2. Change the color of the walls.
If you’re stuck with low ceilings, you can still help your workers make connections faster and more accurately. It might be as simple as painting. For instance, psychologists have found that people who work in rooms with red walls do better with tasks involving accuracy, such as copyediting and performing calculations. Blue environments, on the other hand, support creative thinking.
3. Heat the place.
Anyone who’s ever worked in an office knows that one of the most common office worker complaints is about temperature. Generally, it’s about the office being too cold, although we’ve worked in plenty of places with faulty AC, and that generates plenty of griping as well. In addition to the fact that people work better when they’re comfortable, heating and cooling the office appropriately will save your workers hours of time that they otherwise would have spent complaining about the temperature.
4. Provide plenty of light.
This one seems obvious: No one likes working in a dark, airless cave.

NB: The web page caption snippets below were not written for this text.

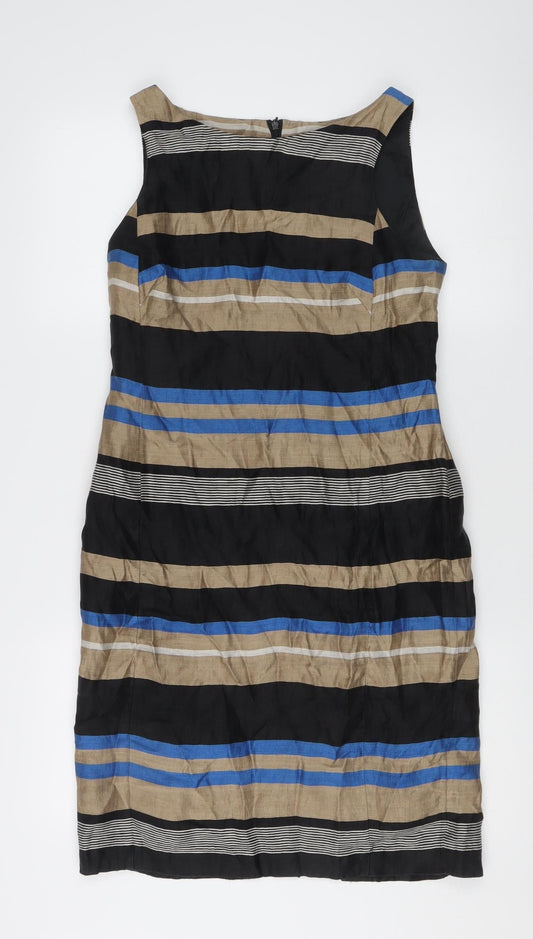 Marks and Spencer Autograph Women’s Multicoloured Stripe Sheath Dress Size 8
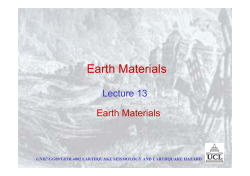 Earth Materials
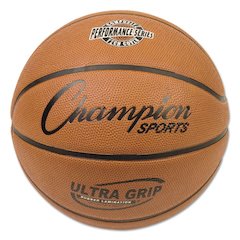 Ultra Grip Rubber Basketball with Bladder, Official Size 7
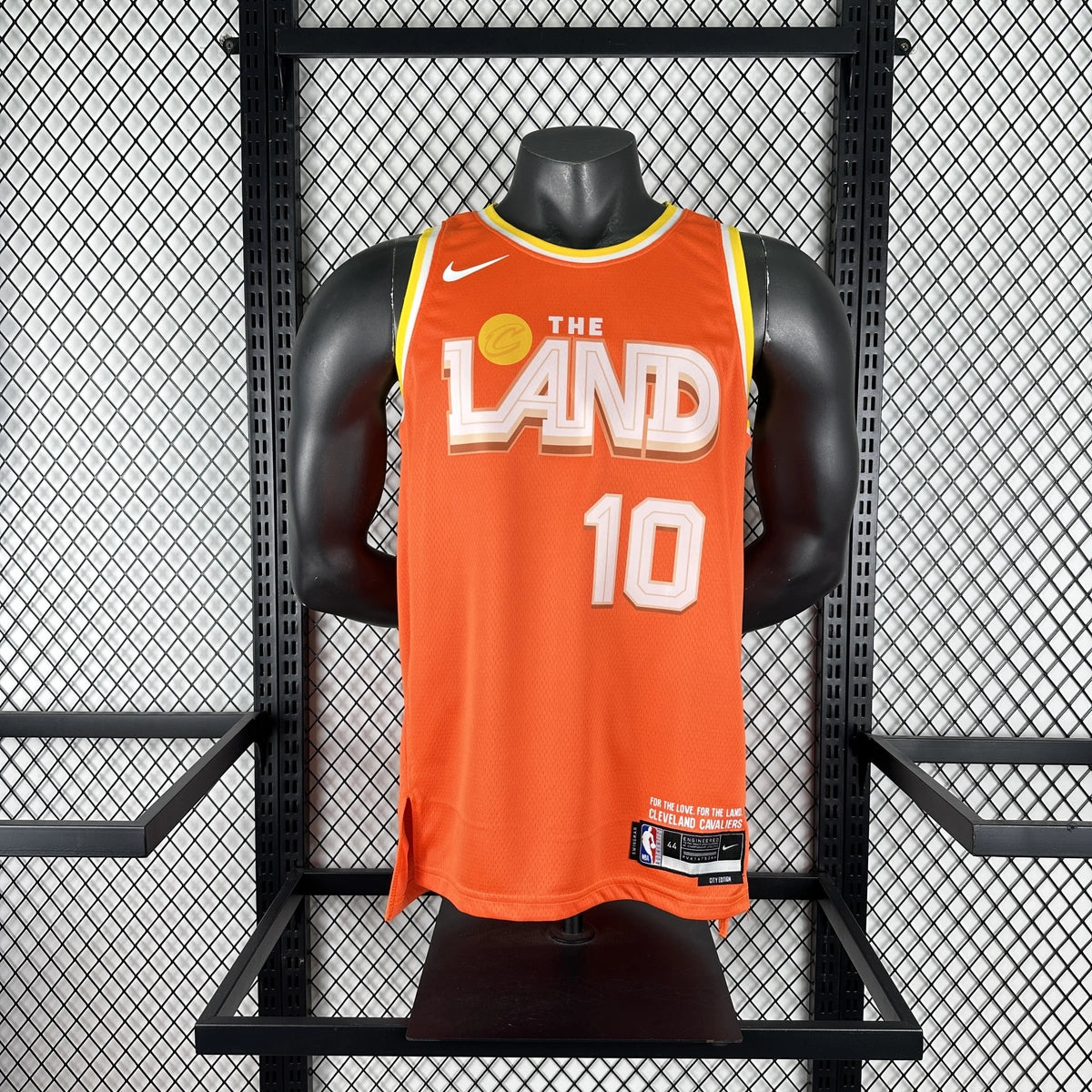 Darius Garland No.10 Cleveland Cavaliers City Edition Jersey 2025-26 NBA Authentic Swingman Jersey - View 3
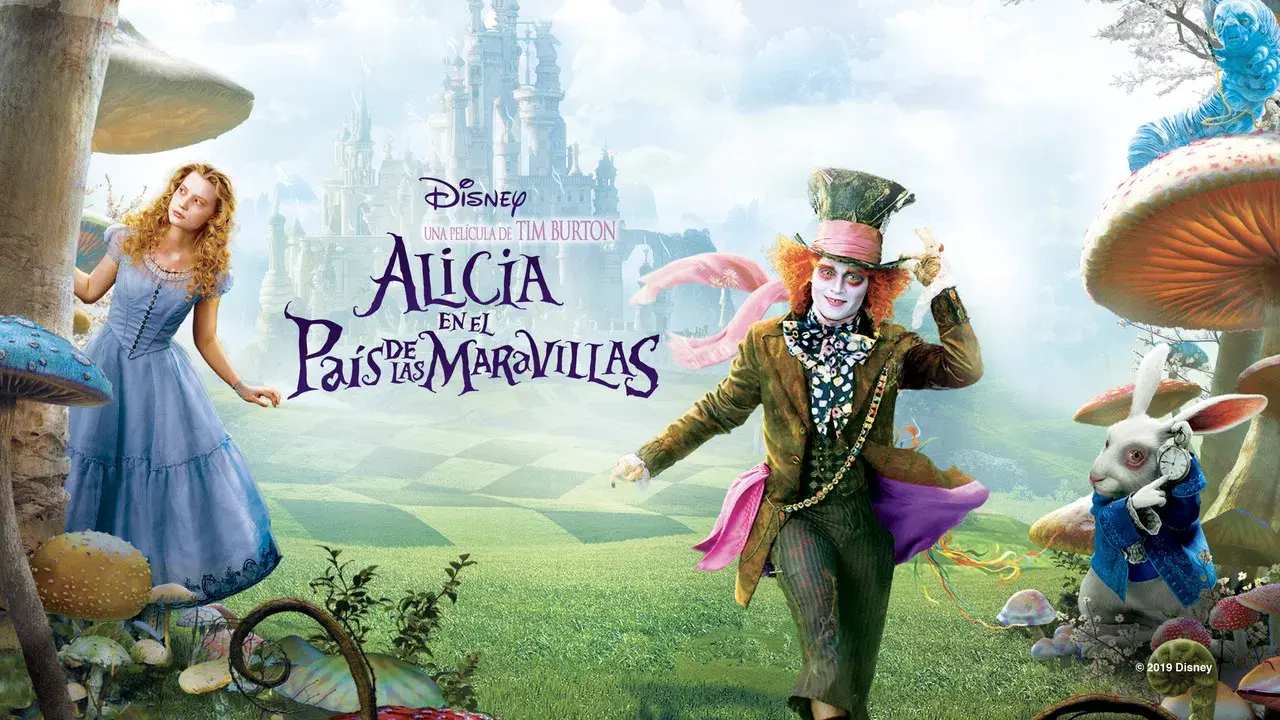 Alice in Wonderland backdrop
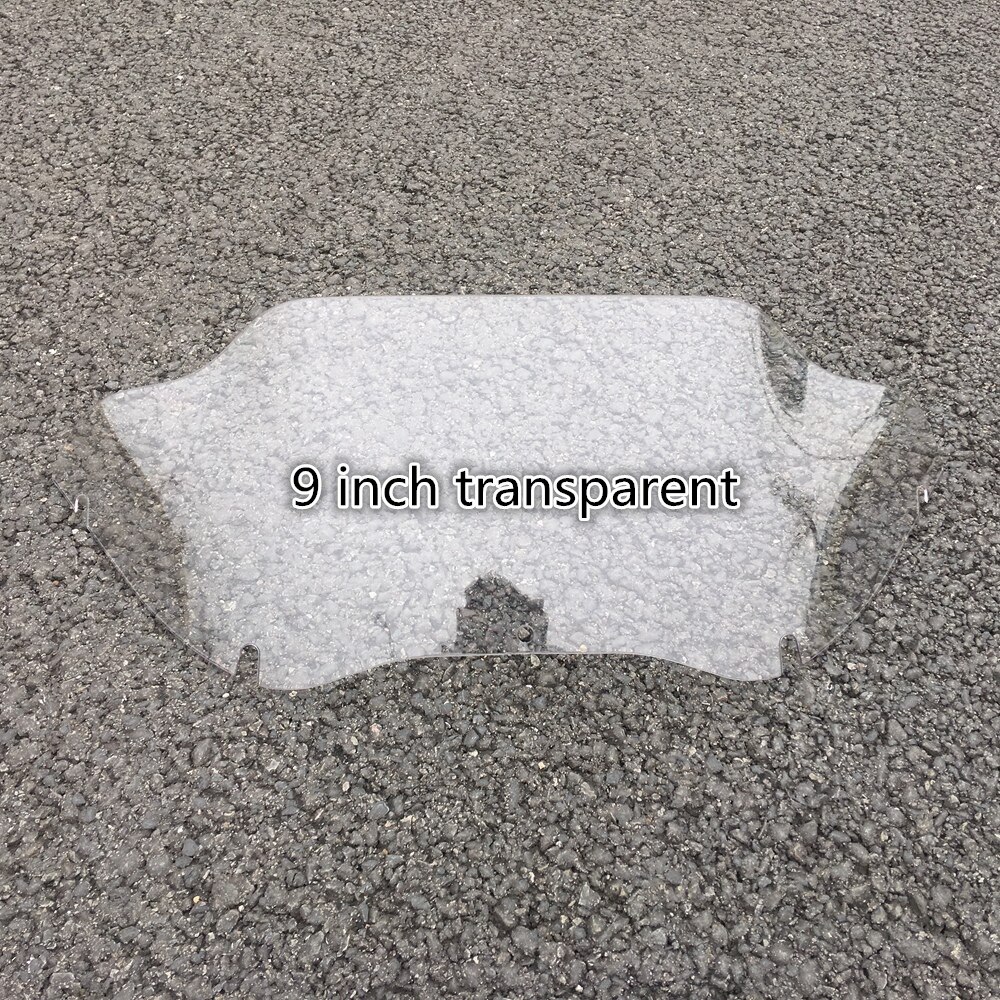 9" Motorcycle Black Smoke Clear Tint Windshield Windscreen Case Fits For Harley Touring Road Glide FLTR 1998: 1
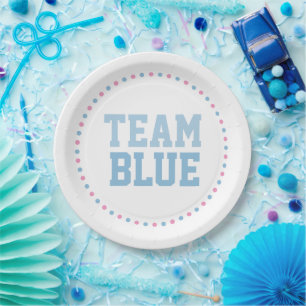 Team Blue Baby Gender Reveal Party Teller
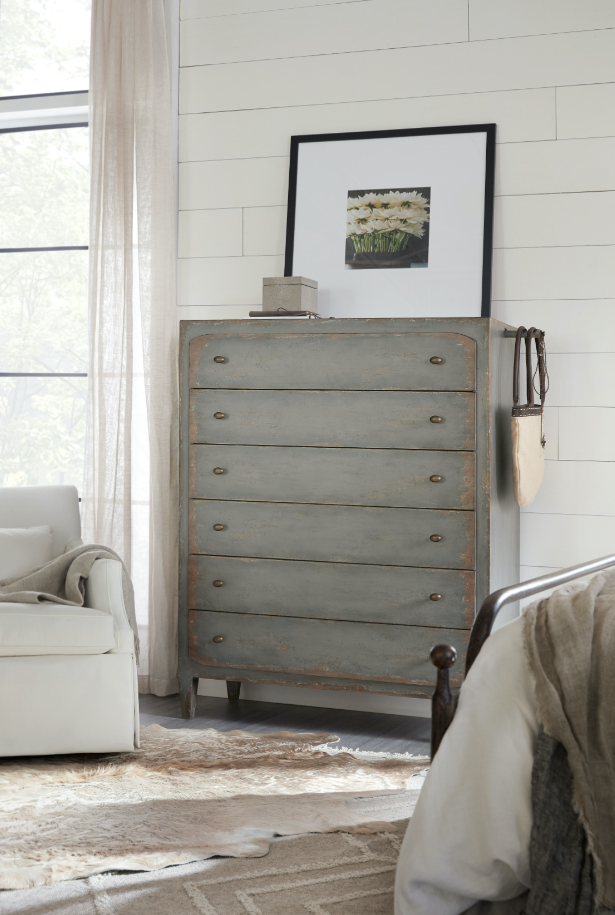 Six-Drawer Chest- Speckled Gray (4688710729824)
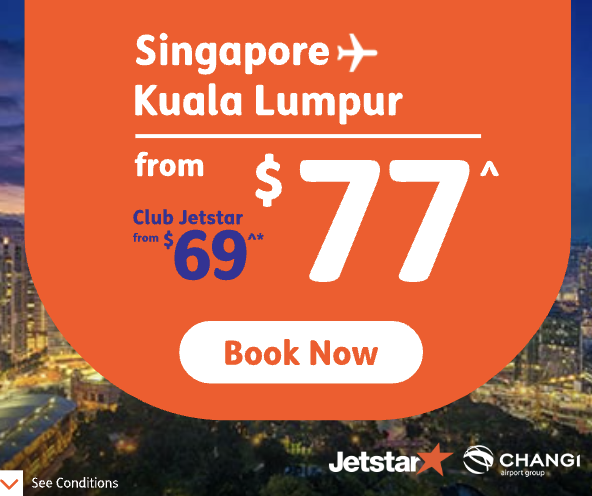 Jetstar Singapore to Kuala Lumpur display advertisement for the Make It Count campaign.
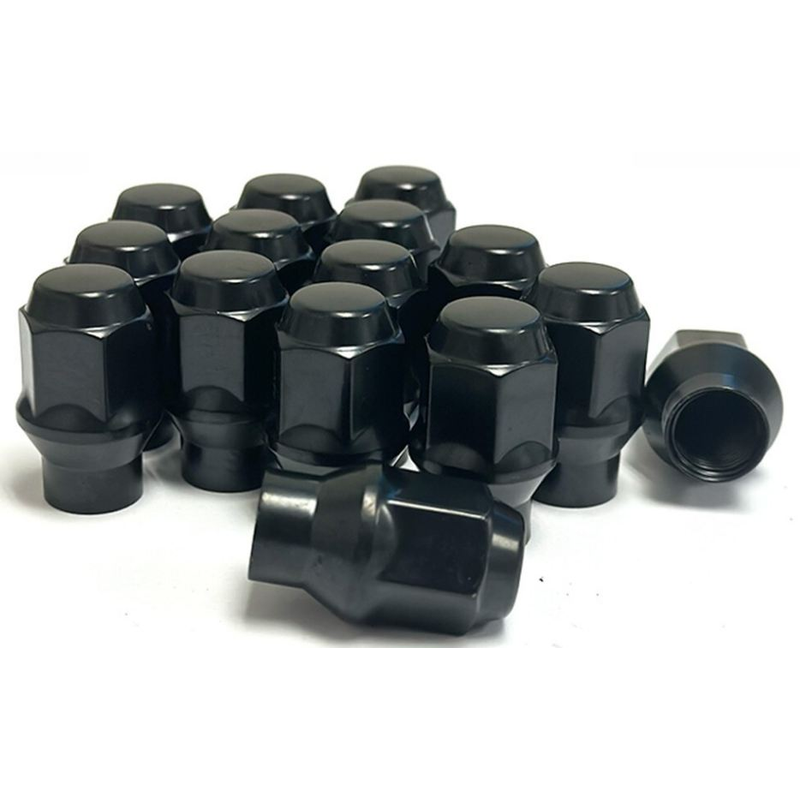 DYNAMIC WHEEL NUT 12x1.5 36mm 19mm HEX ET BLACK (PACK OF 24)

But bad lighting does more than just crush workers’ souls: It also causes fatigue and eye strain. Several studies have shown that poor lighting significantly affects productivity.
5. Create an open office … but not too open.
While open plan offices are cheaper and allow more collaboration, they can also be stressful for employees. Provide some private workspace for folks who need peace and quiet to complete their tasks, and you’ll get the best of both worlds.